What you are asked to do >> Return the run of lines below that opens with the line containing "Peachy's Beautique" and closes with the line containing "Used 2025 Volvo XC40 B5 Core image 72", keeping each one exact.

Data to process >>
Segment Open

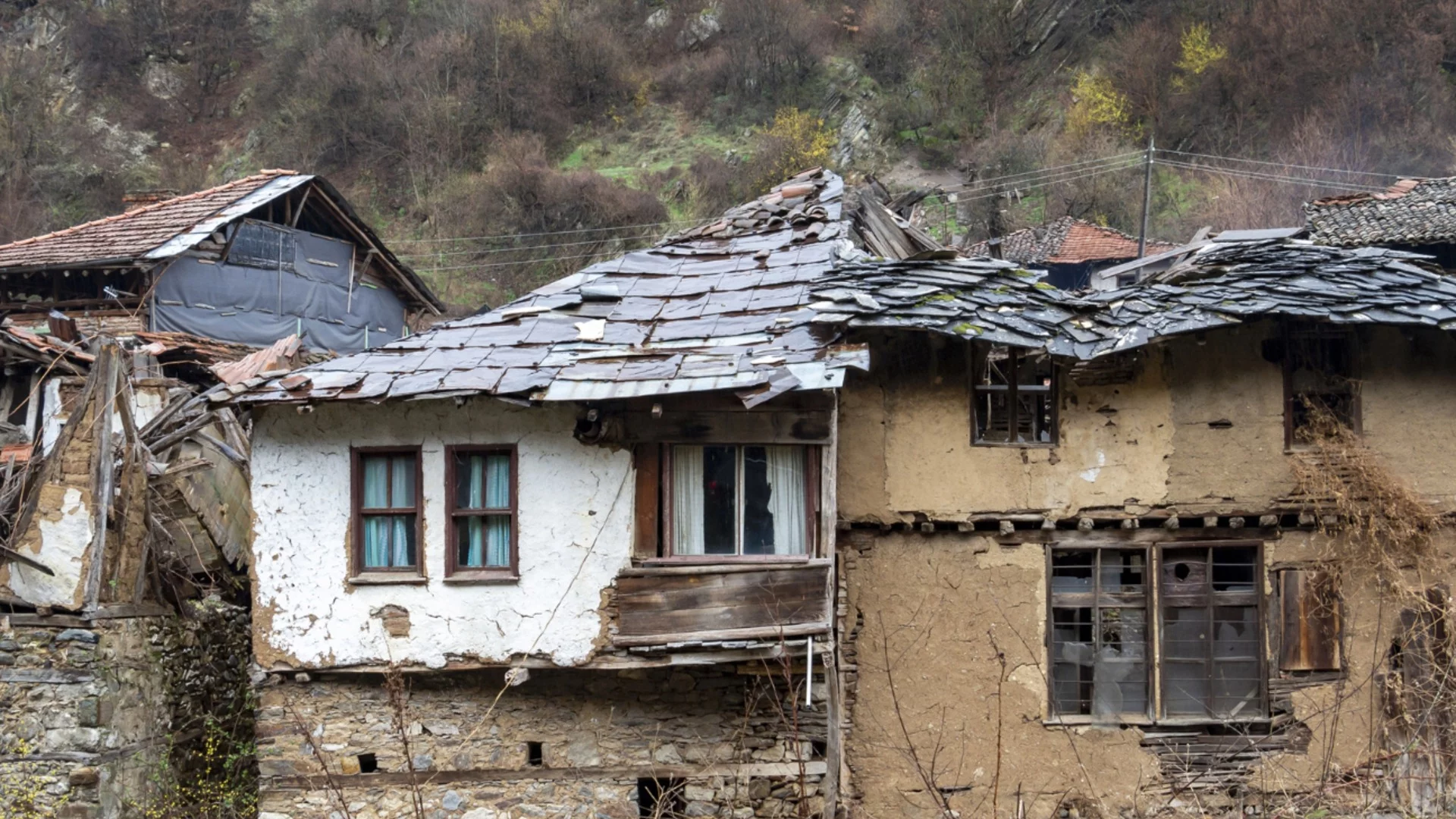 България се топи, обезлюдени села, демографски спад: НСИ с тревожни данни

Segment Closed
Segment Open

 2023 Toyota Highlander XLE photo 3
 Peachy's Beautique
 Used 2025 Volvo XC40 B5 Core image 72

Segment Closed

Answer for the task >>
 Peachy's Beautique
 Used 2025 Volvo XC40 B5 Core image 72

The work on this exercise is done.